My next two posts will use a fantastic web 2.0 tool called Scoop.it, which allows a ‘curator’ to collate and share web pages and content in the form of a magazine page. Once you (the curator) have created your magazine page (a curated topic) you can share this to social media sites such as Facebook, Twitter and your WordPress blog. Readers can comment on individual posts and ‘rescoop’ the page. Businesses could certainly use Scoop.it as a marketing tool to drive traffic to their website.
I have experimented with a couple of topics – one of which will form the basis of my next post on Apple. This is my curated topic on the experience of online learning. As you can see, it is possible to capture the posts and embed them on a wordpress blog, although only 10 webpages that can be shown, even if your curated topic has more.
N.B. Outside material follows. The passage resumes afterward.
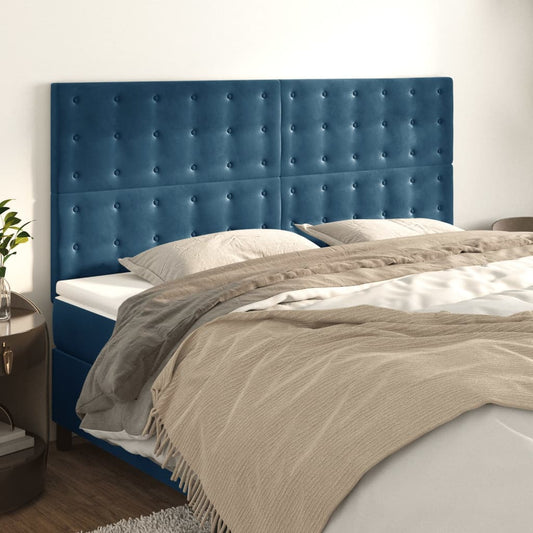 Cabeceira de cama 4 pcs veludo 90x5x78/88 cm azul-escuro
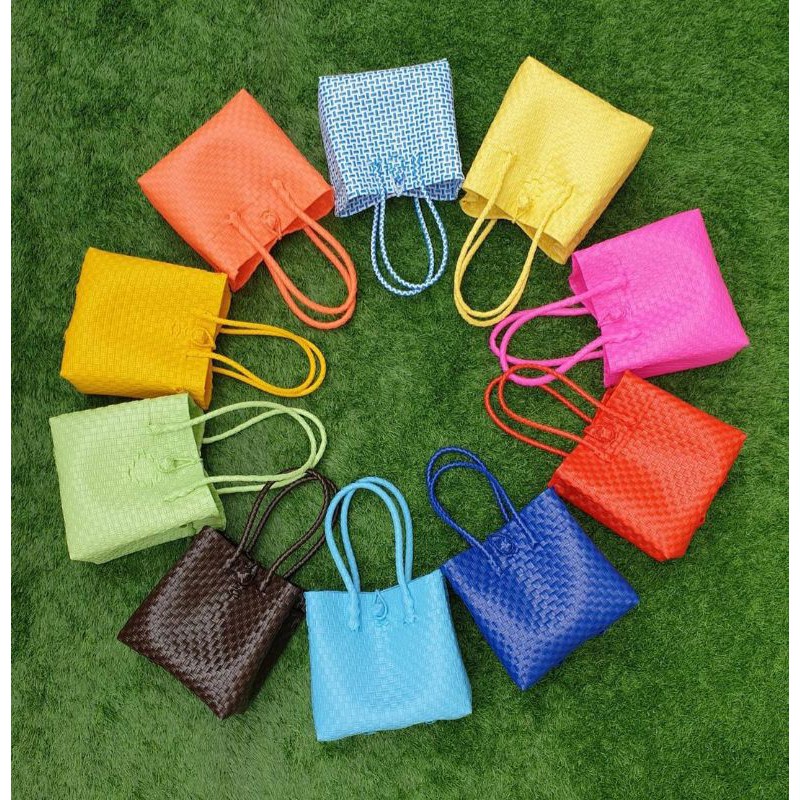 

tas anyam plastik warna pastel premium murah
The layout is in the form of slides, unlike the magazine style curated topic which can be accessed here.
Scoop-it has a useful blog which records user experience as well as reporting on improvements and updates and the knowledge base (FAQ) provides step-by-step instructions on curating your topic. Scoop-it is free in its basic form which will be perfectly adequate for most people, although there is a limit of 5 topics per month. However, if you want to customise your posts more fully, receive more detailed analytics and export to more social media locations, there are paid for plans.
The following is an inteview with Guillaume Decugis, the Scoop.it CEO who discusses social media content and trends.
Ask your students to research a particular business topic and to produce their own Scoop-it topic and then share with others through their Facebook site. Alternatively they could embed the materials on a blog.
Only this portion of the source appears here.